I answered your question twice. Anything else?


----------



## Kelso (Apr 29, 2003)

no no i dont have any more questions, and thanks for actually answering me


----------



## vsp3c (May 15, 2003)

Kelso said:


> i would but i dont think i should. i dont want to start a fight or anything but im not gonna just sit back and let him talk shit about me like that. you know you would stand up for yourself too. and thats all im doing, im not starting anything,and i dont wanna keep this going but those were some asshole posts


teehee..okay then :thumbup:
i hope jordan doesn't mind too much..


----------



## kaptainkrollio (Jul 29, 2003)

on the topic of CA18, for swap into an s13 do you need a front clip or just a motorset will do? i know that it is a direct drop in, but are there some things on the clip that might be usefull? i was wondering becuase even going from a KA24e to a ka24de, there is a speedo issue or something.


----------



## azRPS13 (Jun 7, 2003)

The clip shall solve all your swapping needs!!! yeah the cluster thing is a must!!! SOHC tachometers dont work with DOHC engines. And that comes with the clip and a whole lot more... even stuff to ebay :thumbup:


----------



## kaptainkrollio (Jul 29, 2003)

okay, im not getting one anytime soon, but wanted to start research. the only reson why i asked is because the clip costs more than the motorset. for shipping also


----------



## BlueBOB (Jan 29, 2003)

yes, but ever person i've ever talked to that do their own swaps love the clip because it gives you a sort of reference... and like azRPS13 said, you'll have some stuff you can ebay off and make a buck or two... always the way to go


----------



## azRPS13 (Jun 7, 2003)

kaptainkrollio said:


> okay, im not getting one anytime soon, but wanted to start research. the only reson why i asked is because the clip costs more than the motorset. for shipping also


Well im in a moral delema rite now... go for a Clip from venus $1500 shipped?
Or go with a Motor set From Boost_boy $1500 no SMIC and piping?

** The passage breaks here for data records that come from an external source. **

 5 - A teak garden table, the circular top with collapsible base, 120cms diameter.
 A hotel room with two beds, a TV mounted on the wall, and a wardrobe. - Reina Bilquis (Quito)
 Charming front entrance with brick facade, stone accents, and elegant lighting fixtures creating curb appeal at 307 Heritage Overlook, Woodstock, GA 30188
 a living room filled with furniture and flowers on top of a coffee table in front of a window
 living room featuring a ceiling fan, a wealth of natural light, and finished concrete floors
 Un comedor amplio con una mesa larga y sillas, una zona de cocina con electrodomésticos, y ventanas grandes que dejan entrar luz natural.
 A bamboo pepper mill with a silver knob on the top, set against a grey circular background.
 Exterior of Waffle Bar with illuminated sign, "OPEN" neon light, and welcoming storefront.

Clip- Has everything I need plus some goodies, but hows the engine condition....
Set- Engine is boostboy certified but its only a set...

Help?


----------



## Kelso (Apr 29, 2003)

well ill add in a few more alternatives for ya....

Jspec.com has this
Engine Complete(Head, Block, Intake Manifold, Exhaust Manifold, Distributor, Starter, Alternator, Sensors, Wires, Pulleys, Turbo), RWD Transmission with clutch components, Computer(ECU), Wiring Harness(cut as it exits the car) 
NOTE: MAF SENSOR, IGNITOR CHIP AND INTERCOOLER ARE NOT INCLUDED
for 1099+shipping and handling


and night7racing.com has this:
Half Cut 5 spd M/T - $1895
quantity available: Inquire

Motorset 5 spd M/T - $1295
quantity available: Inquire
plus shipping

theres probably more out there too, ebay has engines from time to time but i dunno....id rather have a secure store.

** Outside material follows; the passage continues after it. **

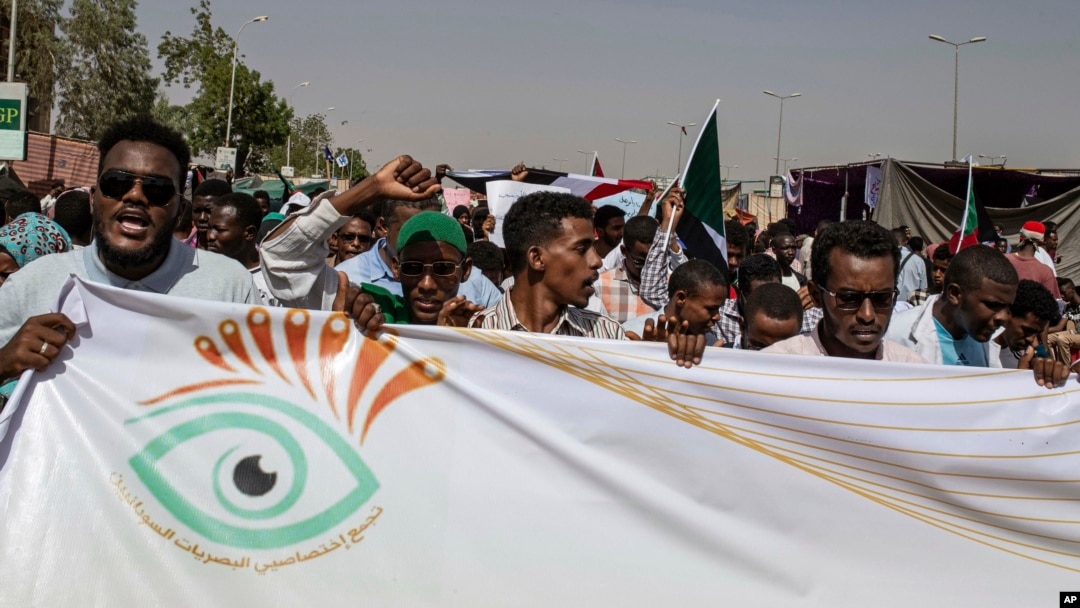 FILE - Protesters chant against military rule and demand the prosecution of former officials, at the Armed Forces Square, in Khartoum, Sudan, April 28, 2019.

also, is venus a trustworthy place? or is it another engine importer im thinking of that screwed everybody over?


----------



## azRPS13 (Jun 7, 2003)

Kelso said:


> also, is venus a trustworthy place? or is it another engine importer im thinking of that screwed everybody over?


They are in Cali so they are not like flashoptions... I've heard good about them


----------



## Kelso (Apr 29, 2003)

ahh flash options thats what i was thinkin about...sorry


----------



## azRPS13 (Jun 7, 2003)

Kelso said:


> ahh flash options thats what i was thinkin about...sorry


Why? don't be.


----------



## Kelso (Apr 29, 2003)

lol cause i said the wrong place lol...oh well whatever


----------



## TheVodKA (Sep 19, 2002)

about Venus, I've heard good and bad. The best thing is to actually go there and look at the engine IMHO, otherwise its a coin flip.


----------